**What the task asks:** Each line of the listing below must be retyped exactly, with images left out.

**Records supplied:**
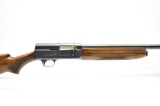 1945 Remington, 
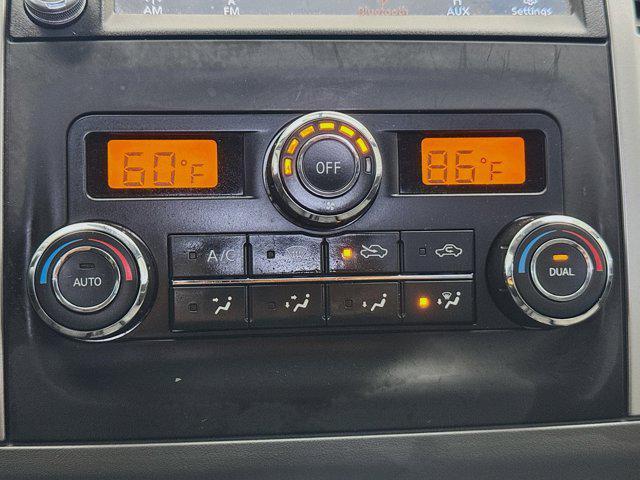 used 2020 Nissan Frontier car, priced at $22,529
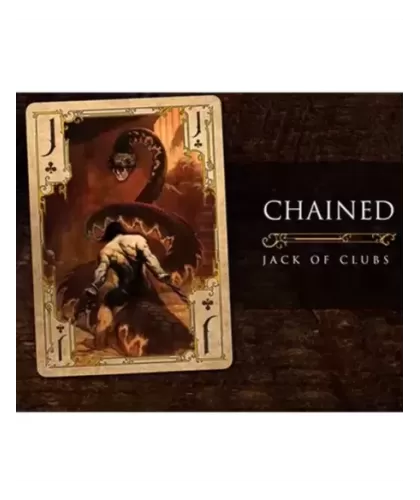 Frazetta Art Museum x Kings Wild Painting Ed – Cărți de joc premium | Emagie.ro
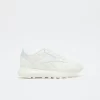 Reebok Classic Leather Sp - Chalk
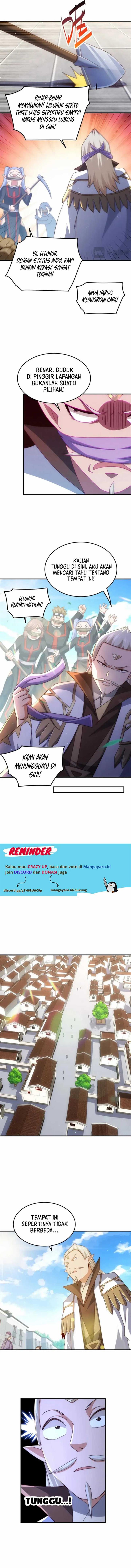 image-komik-beyond-myriad-peoples-chapter-270-4/8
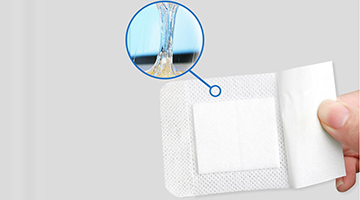 开元游戏大厅app·(中国集团)官方网站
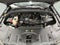 2024 Jeep Grand Cherokee L Altitude X 4x4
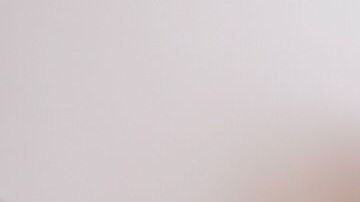 Celebra a mamá con una buena película. Si tienes acceso a Amazon Prime Video por tu Fire TV o Smart TV, varias de estas y muchas otras más están disponible sin ningún costo durante la cuarentena.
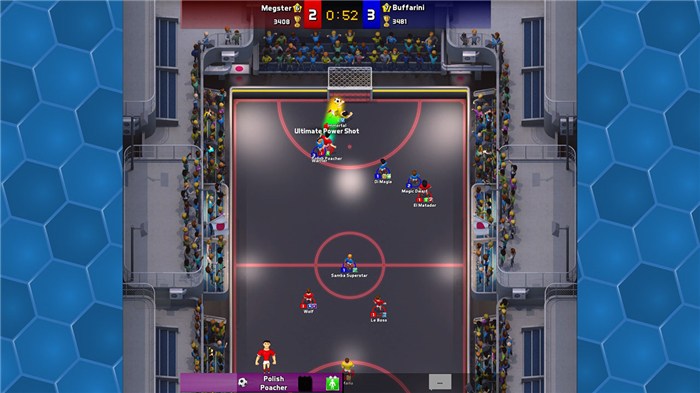 最近很火的忍者小游戏,推荐好玩的忍者游戏手机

**Task response:**
 1945 Remington, 
 used 2020 Nissan Frontier car, priced at $22,529
 Frazetta Art Museum x Kings Wild Painting Ed – Cărți de joc premium | Emagie.ro
 Reebok Classic Leather Sp - Chalk
 image-komik-beyond-myriad-peoples-chapter-270-4/8
 开元游戏大厅app·(中国集团)官方网站
 2024 Jeep Grand Cherokee L Altitude X 4x4
 Celebra a mamá con una buena película. Si tienes acceso a Amazon Prime Video por tu Fire TV o Smart TV, varias de estas y muchas otras más están disponible sin ningún costo durante la cuarentena.
 最近很火的忍者小游戏,推荐好玩的忍者游戏手机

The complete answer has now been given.